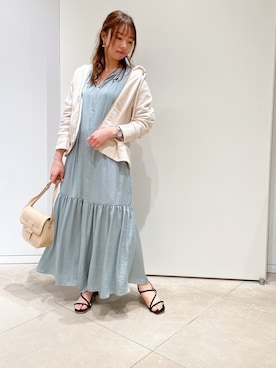 Rope Picnic ロペピクニック の ローウエスト切替サテンシャツワンピース シャツワンピース Wear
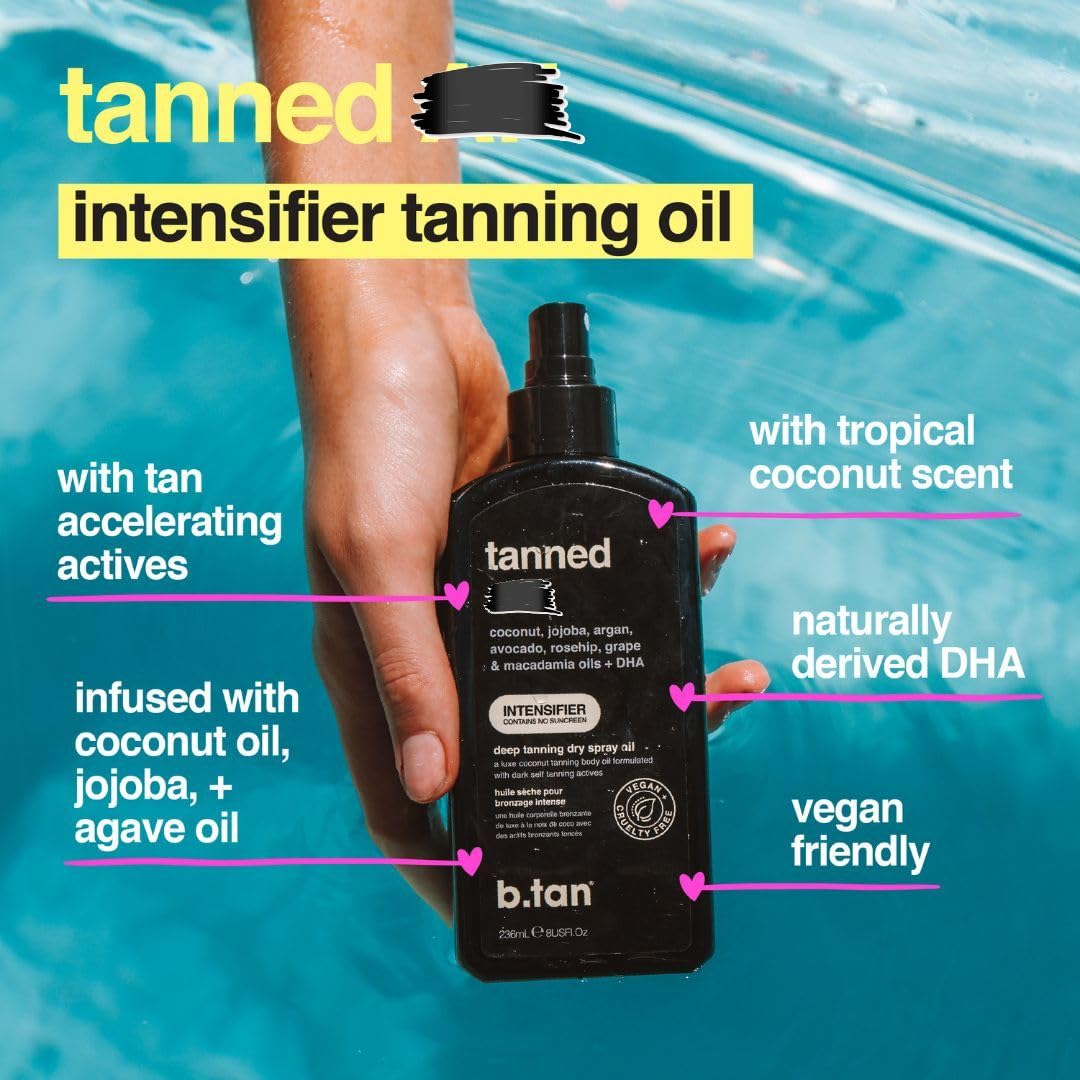 Close up of B.Tan tanning lotion packaging showing indoor and outdoor usage labels.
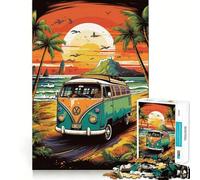 Puzzle da 1000 pezzi a tema furgoncino VW retrò per viaggi in spiaggia, ideale per adolescenti Giocattolo logico e divertente, con taglio liscio e design accattivante (50x75cm)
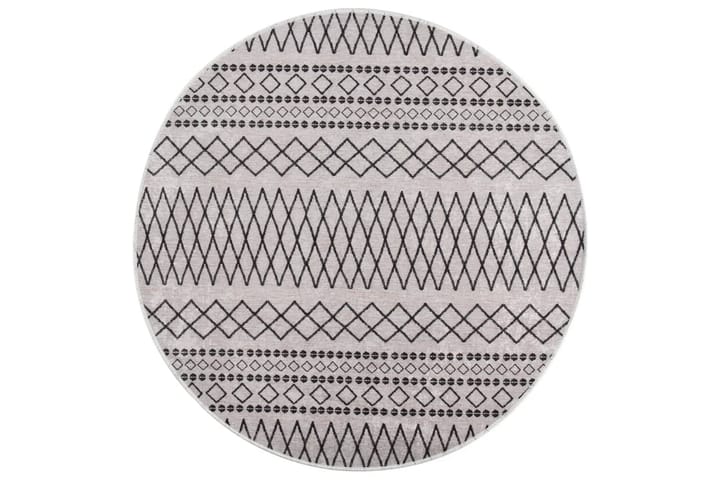 Vaskbart teppe 120 cm sklisikker svart og hvit - Flerfarget - Tekstiler & tepper - Teppe & matte - Utendørs tepper - Plasttepper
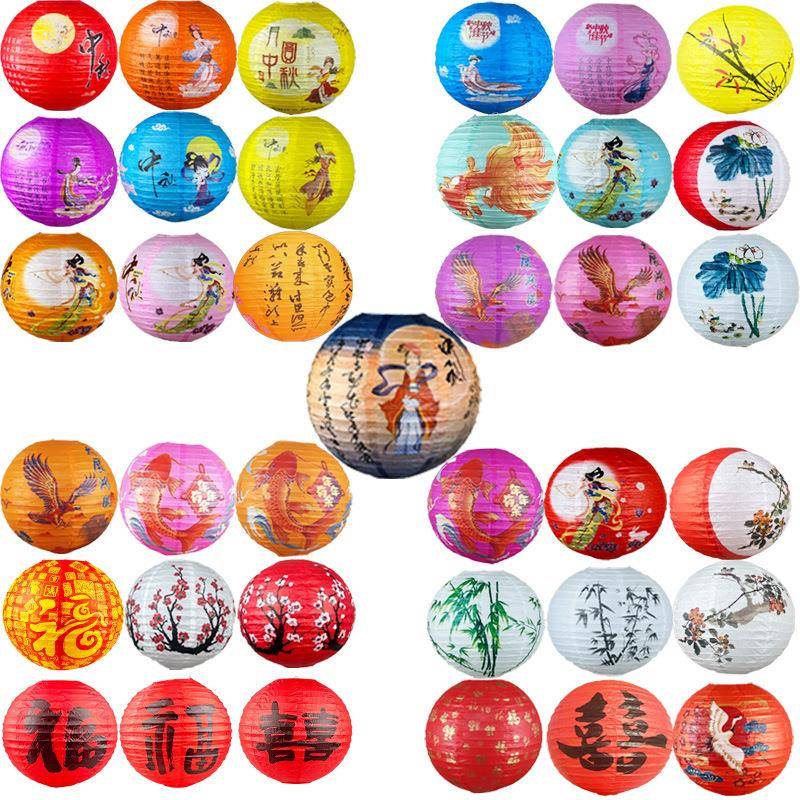 中秋节灯笼装品中国风店铺布场景置活动围氛挂件圆形饰纸挂饰SWL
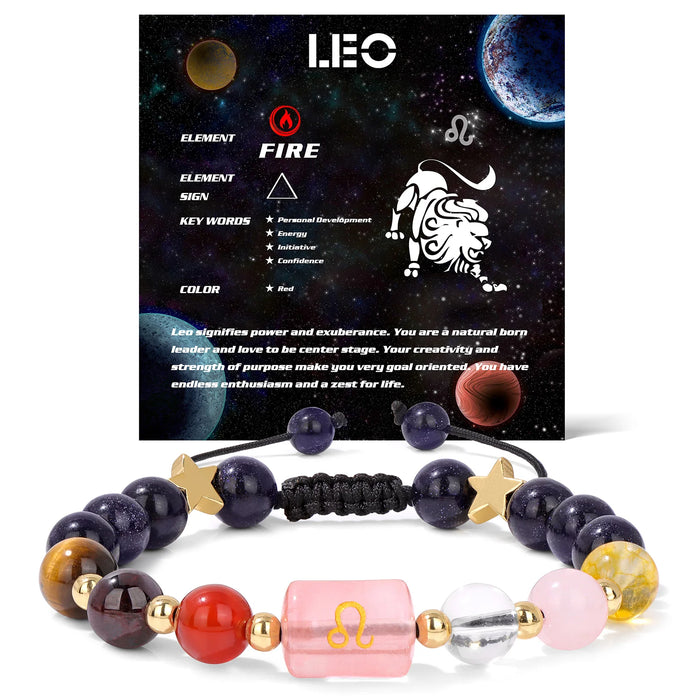 12 Constellation Zodiac Leo Signs Natural Stone Quartz Beads Braided Bracelets For Women And Men On Sale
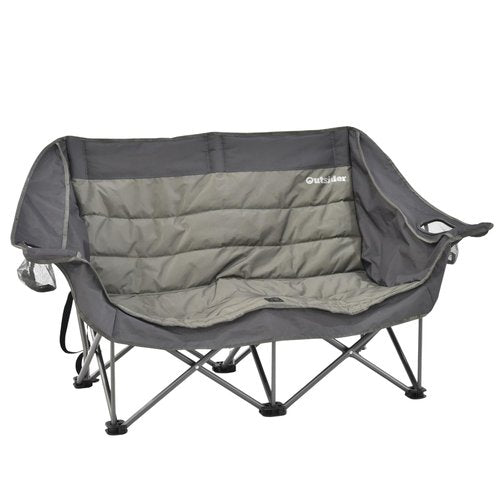 OUTSIDER Love seat Padded Lounge Chair, Oversized Folding Camping Sofa, Low Seat Double Camping Chair, Portable Outdoor Loveseat Supports 500 lbs for Beach, Tailgating, RV, Sports, Patio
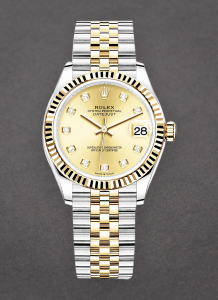 Pre-Owned Rolex 278273 Mid Size Datejust 31mm in Steel with Yellow Gold Fluted Bezel 278273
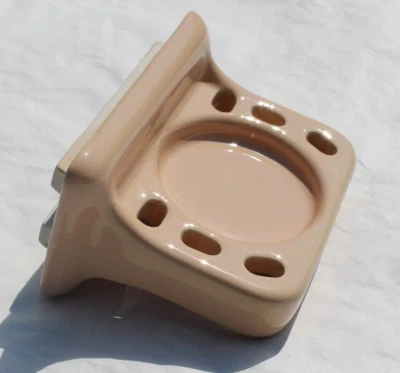 Portavasos vintage bronceado melocotón beige cerámica azulejo en baño pared cepillo de dientes Foto 1 de 4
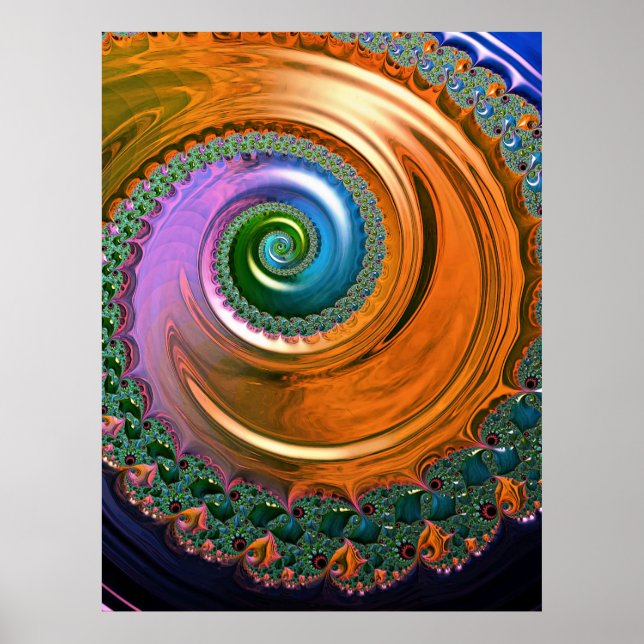 Orange Mandelbrot Swirl Poster (Frente)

··········

TASK GOAL:
Verbatim copy, pictures excluded: output the lines from the first line of the records above through the line containing "Puzzle da 1000".

SOLUTION TO THE EXERCISE:
 Rope Picnic ロペピクニック の ローウエスト切替サテンシャツワンピース シャツワンピース Wear
 Close up of B.Tan tanning lotion packaging showing indoor and outdoor usage labels.
 Puzzle da 1000 pezzi a tema furgoncino VW retrò per viaggi in spiaggia, ideale per adolescenti Giocattolo logico e divertente, con taglio liscio e design accattivante (50x75cm)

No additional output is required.